[
https://issues.apache.org/jira/browse/KAFKA-13191?page=com.atlassian.jira.plugin.system.issuetabpanels:all-tabpanel
]
CS User updated KAFKA-13191:
----------------------------
Description:
We're using confluent platform 6.2, running in a Kubernetes environment. The
cluster has been running for a couple of years with zero issues, starting from
version 1.1, 2.5 and now 2.8.
We've very recently upgraded to kafka 2.8 from kafka 2.5.
Since upgrading, we have seen issues when kafka and zookeeper pods restart
concurrently.
We can replicate the issue by restarting either the zookeeper statefulset first
or the kafka statefulset first, either way appears to result with the same
failure scenario.
We've attempted to mitigate by preventing the kafka pods from stopping if any
zookeeper pods are being restarted, or a rolling restart of the zookeeper
cluster is underway.
We've also added a check to stop the kafka pods from starting until all
zookeeper pods are ready, however under the following scenario we still see the
issue:
In a 3 node kafka cluster with 5 zookeeper servers
# kafka-2 starts to terminate - all zookeeper pods are running, so it proceeds
# zookeeper-4 terminates
# kafka-2 starts-up, and waits until the zookeeper rollout completes
# kafka-2 eventually fully starts, kafka comes up and we see the errors below
on other pods in the cluster.
Without mitigation and in the above scenario we see errors on pods kafka-0:
{noformat}
[2021-08-11 11:45:57,625] WARN Broker had a stale broker epoch (670014914375),
retrying. (kafka.server.DefaultAlterIsrManager){noformat}
Kafka-1 seems ok
When kafka-2 starts, it has this log entry with regards to its own broker epoch:
{noformat}
[2021-08-11 11:44:48,116] INFO Registered broker 2 at path /brokers/ids/2 with
addresses:
INTERNAL://kafka-2.kafka.svc.cluster.local:9092,INTERNAL_SECURE://kafka-2.kafka.svc.cluster.local:9094,
czxid (broker epoch): 674309865493 (kafka.zk.KafkaZkClient) {noformat}
This never appears to recover.
If you then restart kafka-2, you'll see these errors:
{noformat}
org.apache.kafka.common.errors.InvalidReplicationFactorException: Replication
factor: 3 larger than available brokers: 0. {noformat}
This seems to completely break the cluster, partitions do not failover as
expected.
Checking zookeeper, and getting the values of the brokers look fine
{noformat}
get /brokers/ids/0{noformat}
etc, all looks fine there, each broker is present.

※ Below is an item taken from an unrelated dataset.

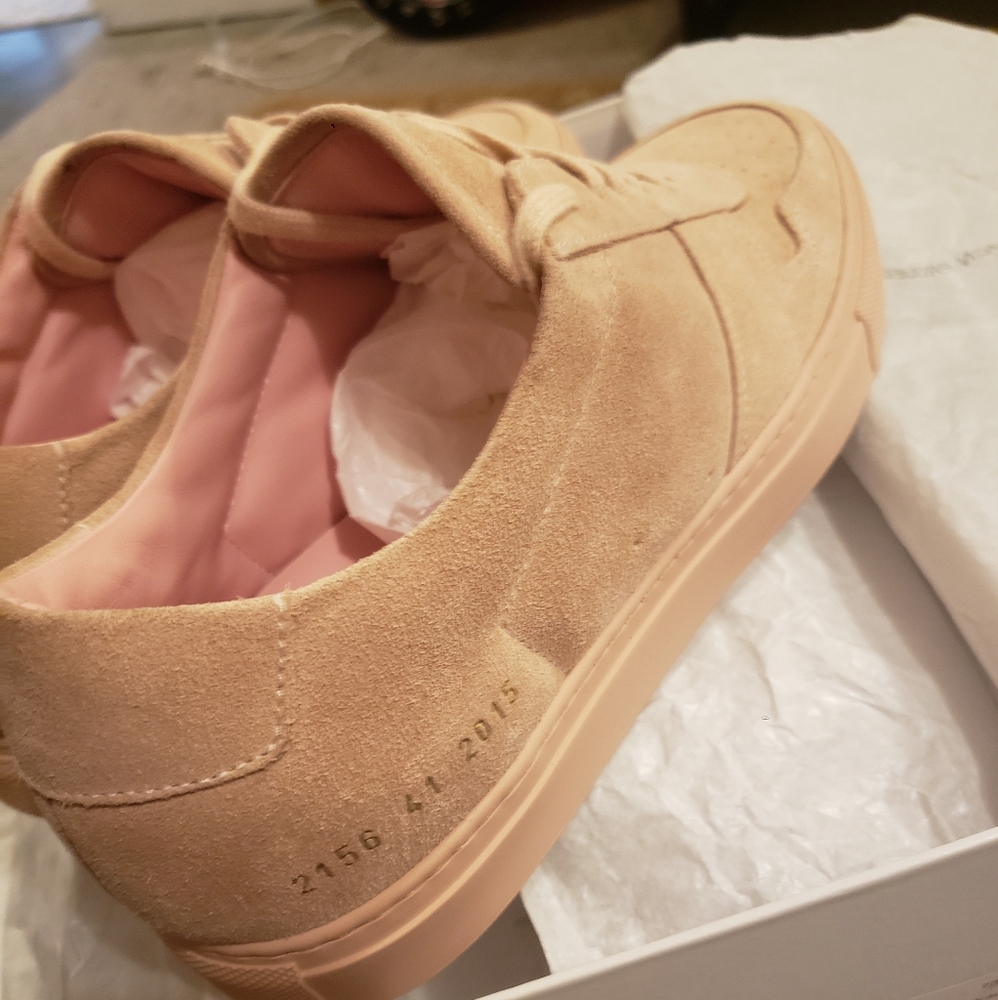Common Projects Bball Low "Blush" Suede Sneakers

This error message appears to have been added to kafka in the last 11 months
{noformat}
Broker had a stale broker epoch {noformat}
Via this PR:
[https://github.com/apache/kafka/pull/9100]

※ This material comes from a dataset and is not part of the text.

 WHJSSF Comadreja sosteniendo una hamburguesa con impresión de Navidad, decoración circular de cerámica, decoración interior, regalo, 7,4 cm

I see also this comment around the leader getting stuck:
[https://github.com/apache/kafka/pull/9100/files#r494480847]
Recovery is possible by continuing to restart the remaining brokers in the
cluster. Once all have been restarted, everything looks fine.
Has anyone else come across this? It seems very simple to replicate in our
environment, simply start a simultaneous rolling restart of both kafka and
zookeeper.
I appreciate that Zookeeper and Kafka would not normally be restarted
concurrently in this way. However there are going to be scenarios where this
can happen, such as if we had simultaneous Kubernetes node failures, resulting
in the loss of both a zookeeper and a kafka pod at the same time. This could
result in the issue above.
This is not something that we have seen previously with versions 1.1 or 2.5.

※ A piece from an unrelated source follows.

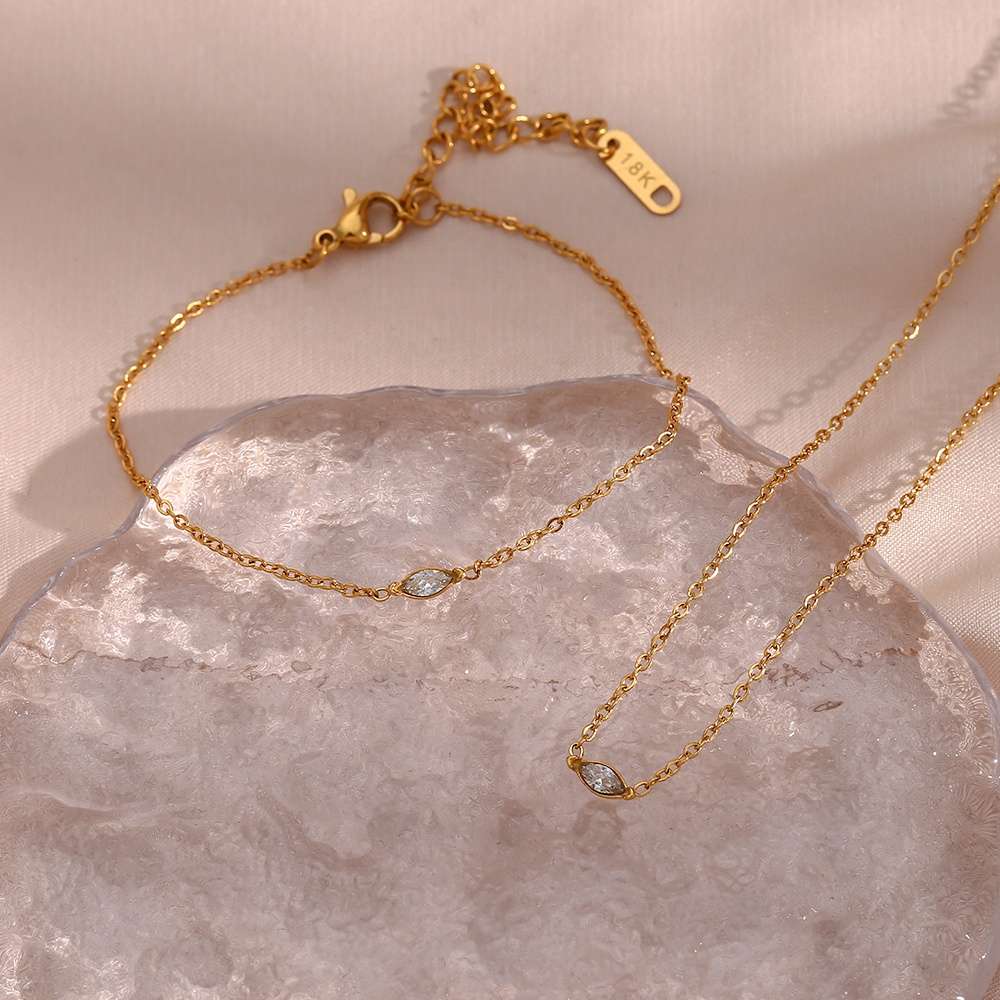 Dainty Zircon Charm Necklace Earring Set - 18k Gold Plated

Just to be clear, rolling restarting only kafka or zookeeper is absolutely
fine.
was:
We're using confluent platform 6.2, running in a Kubernetes environment. The
cluster has been running for a couple of years with zero issues, starting from
version 1.1, 2.5 and now 2.8.
We've very recently upgraded to kafka 2.8 from kafka 2.5.
Since upgrading, we have seen issues when kafka and zookeeper pods restart
concurrently.
We can replicate the issue by restarting either the zookeeper statefulset first
or the kafka statefulset first, either way appears to result with the same
failure scenario.
We've attempted to mitigate by preventing the kafka pods from stopping if any
zookeeper pods are being restarted, or a rolling restart of the zookeeper
cluster is underway.
We've also added a check to stop the kafka pods from starting until all
zookeeper pods are ready, however under the following scenario we still see the
issue:
In a 3 node kafka cluster with 5 zookeeper servers
# kafka-2 starts to terminate - all zookeeper pods are running, so it proceeds
# zookeeper-4 terminates
# kafka-2 starts-up, and waits until the zookeeper rollout completes
# kafka-2 eventually fully starts, kafka comes up and we see the errors below
on other pods in the cluster.
Without mitigation and in the above scenario we see errors on pods
kafka-0/kafka-1:
{noformat}
Broker had a stale broker epoch (635655171205), retrying.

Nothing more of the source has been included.